Your objective - From the first line of the data down to the line bearing "エル きょうのわんこ 写真1", output every line exactly and include no pictures.

Short text fragments from websites -
┌────────

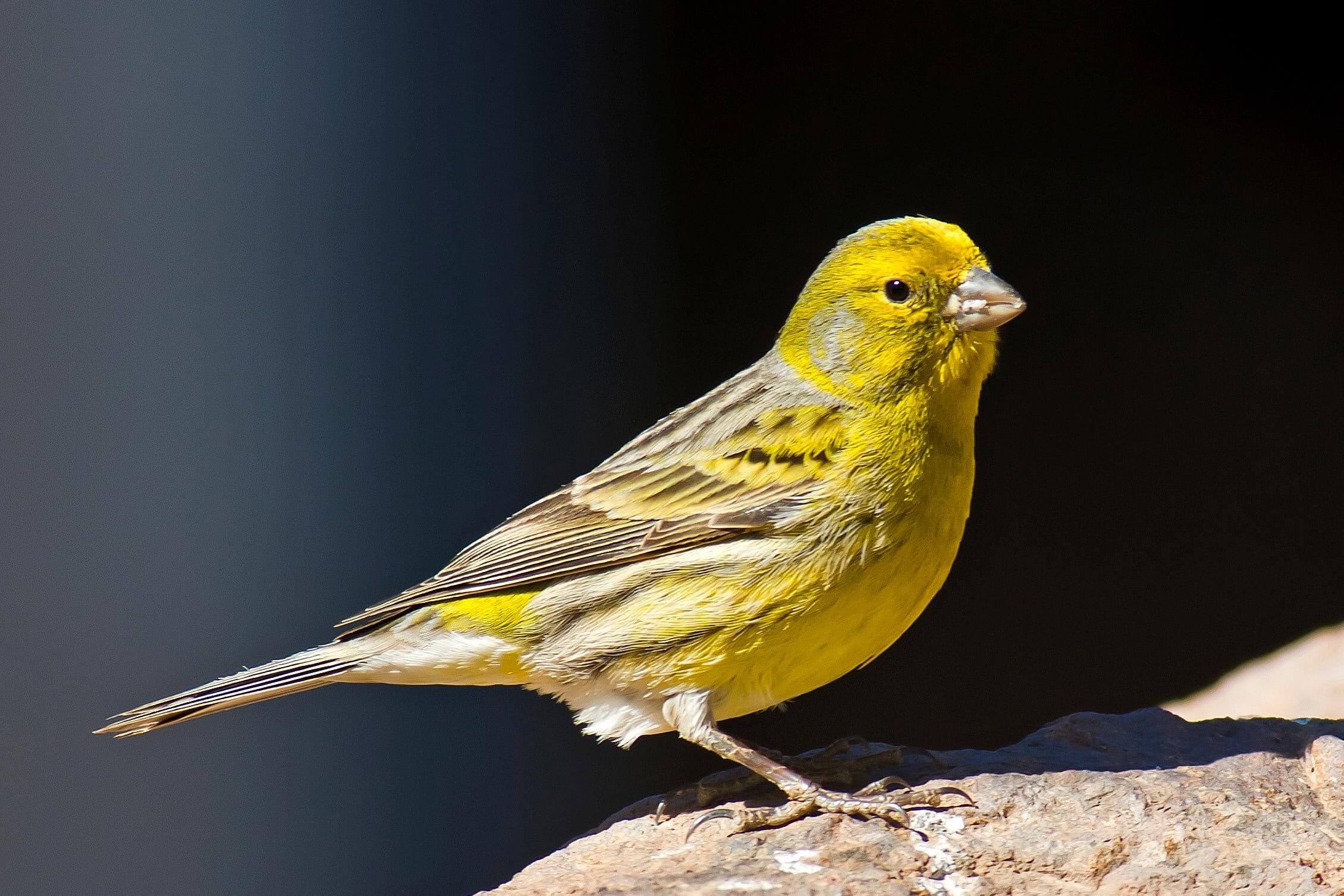 Cara Mengurangi Birahi Burung Kenari: Jangan Terlalu Sering Dijemur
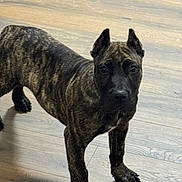 Memphis is registered to the contest to win money with this photo: dog, puppy, brindle, canine, pet, indoor, wooden_floor, curious, ears, four_legs, young_animal, animal, looking, standing, mammal, domestic_animal, portrait, flooring, alert, cute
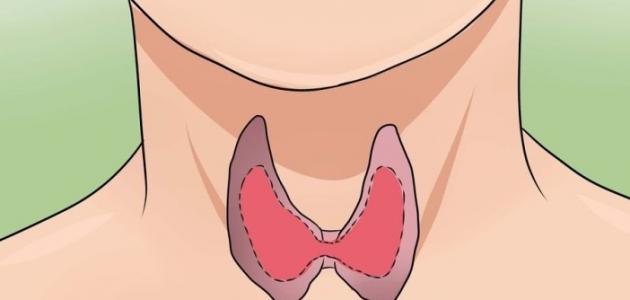 نظام غذائي لمرضى خمول الغدة الدرقية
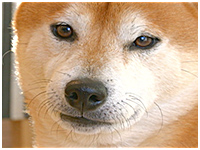 エル きょうのわんこ 写真1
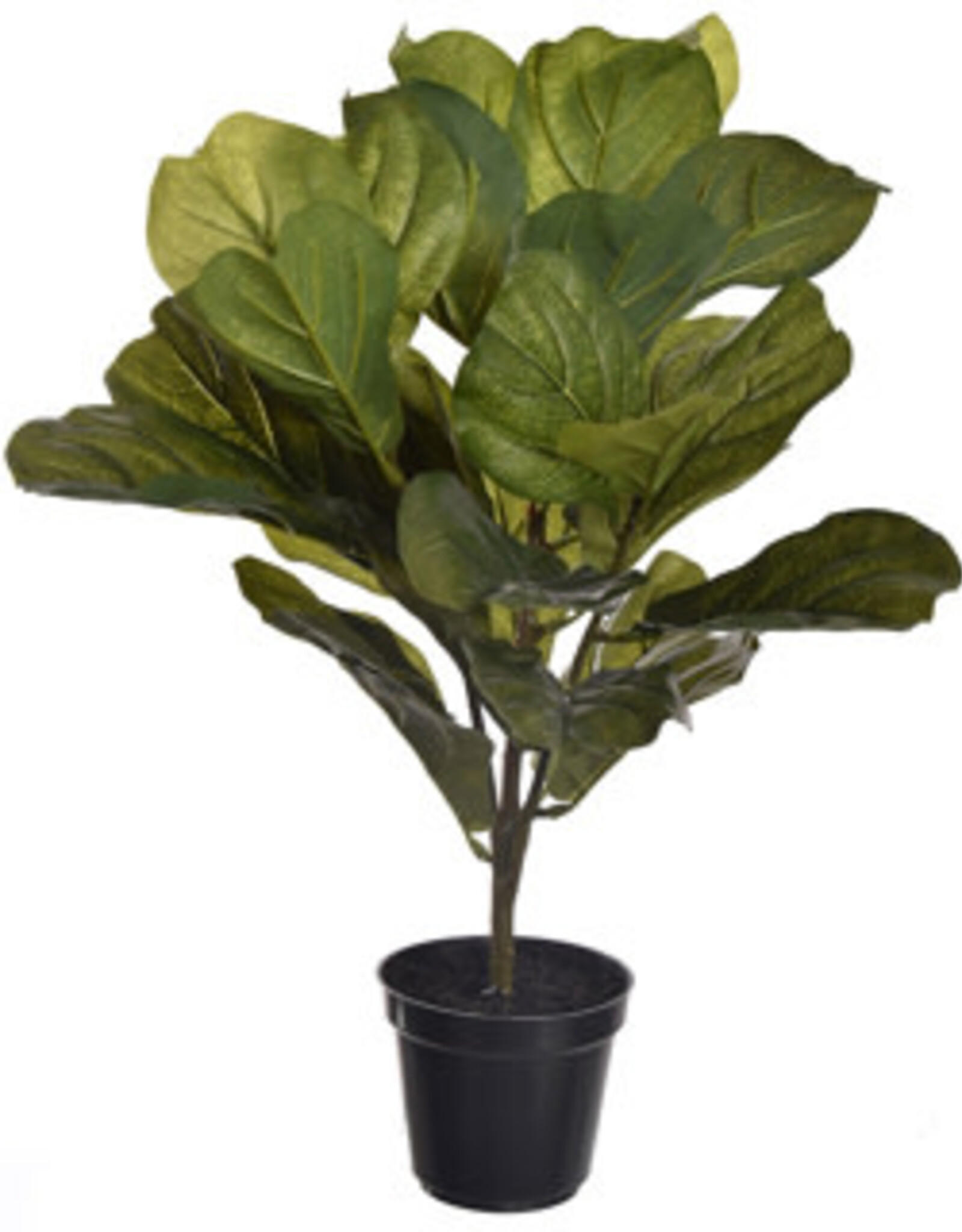 Pure Kunstplant - Fiddle 55 cm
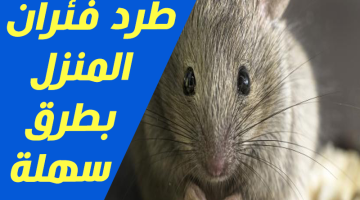 طرد الفئران من المنزل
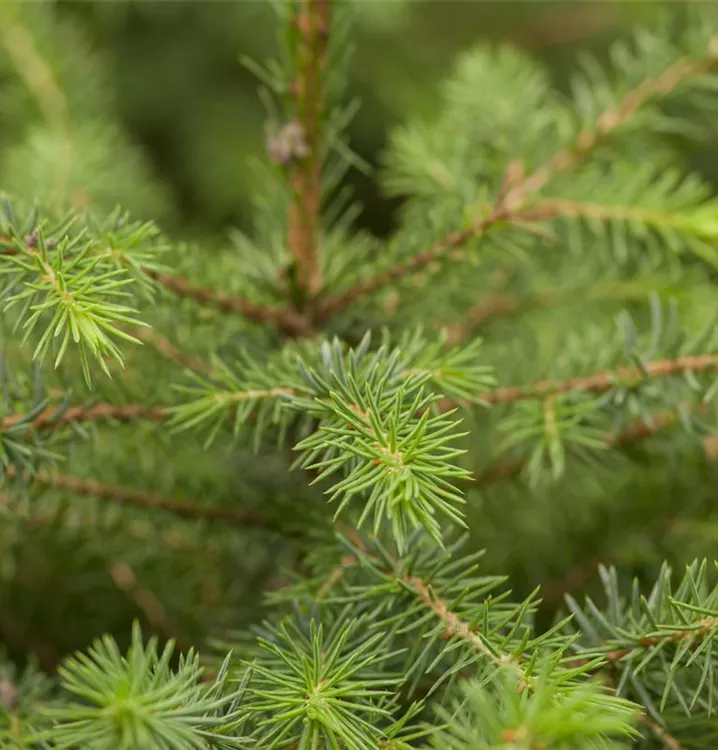 Serbische Fichte 'Karel'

└────────

Solved problem -
 Cara Mengurangi Birahi Burung Kenari: Jangan Terlalu Sering Dijemur
 Memphis is registered to the contest to win money with this photo: dog, puppy, brindle, canine, pet, indoor, wooden_floor, curious, ears, four_legs, young_animal, animal, looking, standing, mammal, domestic_animal, portrait, flooring, alert, cute
 نظام غذائي لمرضى خمول الغدة الدرقية
 エル きょうのわんこ 写真1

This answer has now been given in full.